看起来i2c0已禁用,但i2c1已启用。
/dts-v1/;
/ {
model = "Raspberry Pi 3 Model B Rev 1.2";
compatible = "brcm,bcm2710", "brcm,bcm2709";
memreserve = <0x3b000000 0x4000000>;
#address-cells = <0x1>;
#size-cells = <0x1>;
interrupt-parent = <0x1>;
soc {
compatible = "simple-bus";
ranges = <0x7e000000 0x3f000000 0x1000000 0x40000000 0x40000000 0x40000>;
#address-cells = <0x1>;
phandle = <0x30>;
#size-cells = <0x1>;
...
i2c@7e205000 {
reg = <0x7e205000 0x1000>;
interrupts = <0x2 0x15>;
pinctrl-0 = <0x10>;
compatible = "brcm,bcm2708-i2c";
clock-frequency = <0x186a0>;
clocks = <0x8 0xf>;
status = "disabled";
#address-cells = <0x1>;
phandle = <0x28>;
#size-cells = <0x0>;
pinctrl-names = "default";
};
i2c@7e804000 {
reg = <0x7e804000 0x1000>;
interrupts = <0x2 0x15>;
pinctrl-0 = <0x18>;
compatible = "brcm,bcm2708-i2c";
clock-frequency = <0x186a0>;
clocks = <0x8 0xf>;
status = "okay";
#address-cells = <0x1>;
phandle = <0x29>;
#size-cells = <0x0>;
pinctrl-names = "default";
};
i2c@7e805000 {
reg = <0x7e805000 0x1000>;
interrupts = <0x2 0x15>;
compatible = "brcm,bcm2708-i2c";
clock-frequency = <0x186a0>;
clocks = <0x8>;
status = "disabled";
#address-cells = <0x1>;
phandle = <0x19>;
#size-cells = <0x0>;
};
gpio@7e200000 {
...
i2c0 {
phandle = <0x10>;
brcm,function = <0x4>;
brcm,pins = <0x0 0x1>;
};
i2c1 {
phandle = <0x18>;
brcm,function = <0x4>;
brcm,pins = <0x2 0x3>;
};
...
};
};
...
clocks {
compatible = "simple-bus";
#address-cells = <0x1>;
phandle = <0x45>;
#size-cells = <0x0>;
clock@0 {
reg = <0x0>;
#clock-cells = <0x0>;
compatible = "fixed-clock";
clock-frequency = <0x17d78400>;
clock-output-names = "core";
phandle = <0x8>;
};
...
clock@7 {
reg = <0x6a>;
#clock-cells = <0x0>;
compatible = "dbc,myclock";
clock-frequency = <0x47868c0>;
phandle = <0xf>;
};
};
...
__symbols__ {
...
i2c0 = "/soc/i2c@7e205000";
i2c1 = "/soc/i2c@7e804000";
i2c2 = "/soc/i2c@7e805000";
...
};
aliases {
...
i2c0 = "/soc/i2c@7e205000";
i2c1 = "/soc/i2c@7e804000";
i2c2 = "/soc/i2c@7e805000";
...
i2c_arm = "/soc/i2c@7e804000";
};
__overrides__ {
...
i2c0 = "", "", "", "(status";
i2c1 = "", "", "", ")status";
i2c_arm = "", "", "", ")status";
...
};
};
现在我知道我正在处理i2c1,我从dts中删除了所有无关的测试代码。

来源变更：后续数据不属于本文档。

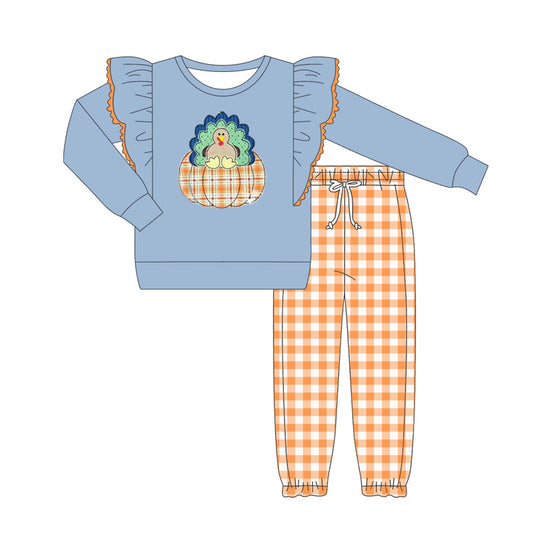 presale GLP2444 Baby Girls Blue Long Sleeves Turkey Pumpkin Top Orange Plaid Pant Set   D 6.4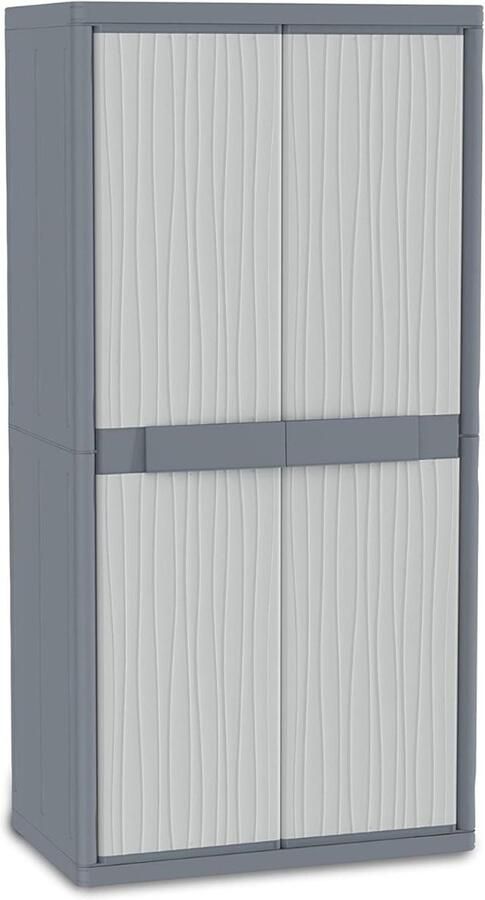 CRLYN Tuinkast Tuinkist Tuinkasten voor Buiten Tuinberging Kunststof Donkergrijs en Lichtgrijs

在这一点上,我只是想这样做:
i2c1: i2c@7e804000 {
compatible = "brcm,bcm2708-i2c";
reg = <0x7e804000 0x1000>;
interrupts = <2 21>;
clocks = <&clk_core>;
#address-cells = <1>;
#size-cells = <0>;
status = "disabled";
i2c@0 {
#address-cells = <1>;
#size-cells = <0>;
reg = <0>;
myclock: clock-generator@6a {
#clock-cells = <0>;
compatible = "dbc,myclock";
reg = <0x6a>;
clock-frequency = <75000000>;
};
};
};
现在我在dmesg中收到以下错误:
[ 5.071515] bcm2708_i2c_probe
[ 5.086179] i2c i2c-1: of_i2c: modalias failure on /soc/i2c@7e804000/i2c@0
[ 5.086224] bcm2708_i2c 3f804000.i2c: BSC1 Controller at 0x3f804000 (irq 83) (baudrate 100000)
我不确定如何解释“模态失败”。
答案 0 :(得分:1)
原始帖子中的C代码适用于Hello World驱动程序,我实际上必须对设备树进行的唯一更改是让我的驱动程序加载是为了添加i2c1节点的子节点(在arch / arm中) /boot/dts/bcm2708_common.dts):
i2c1: i2c@7e804000 {
compatible = "brcm,bcm2708-i2c";
reg = <0x7e804000 0x1000>;
interrupts = <2 21>;
clocks = <&clk_core>;
#address-cells = <1>;
#size-cells = <0>;
status = "disabled";
myclock: clock-generator@6a {
#clock-cells = <0>;
compatible = "dbc,myclock";
reg = <0x6a>;
clock-frequency = <75000000>;
};
};
有了这个,我现在看到了我希望在dmesg中看到的printk消息。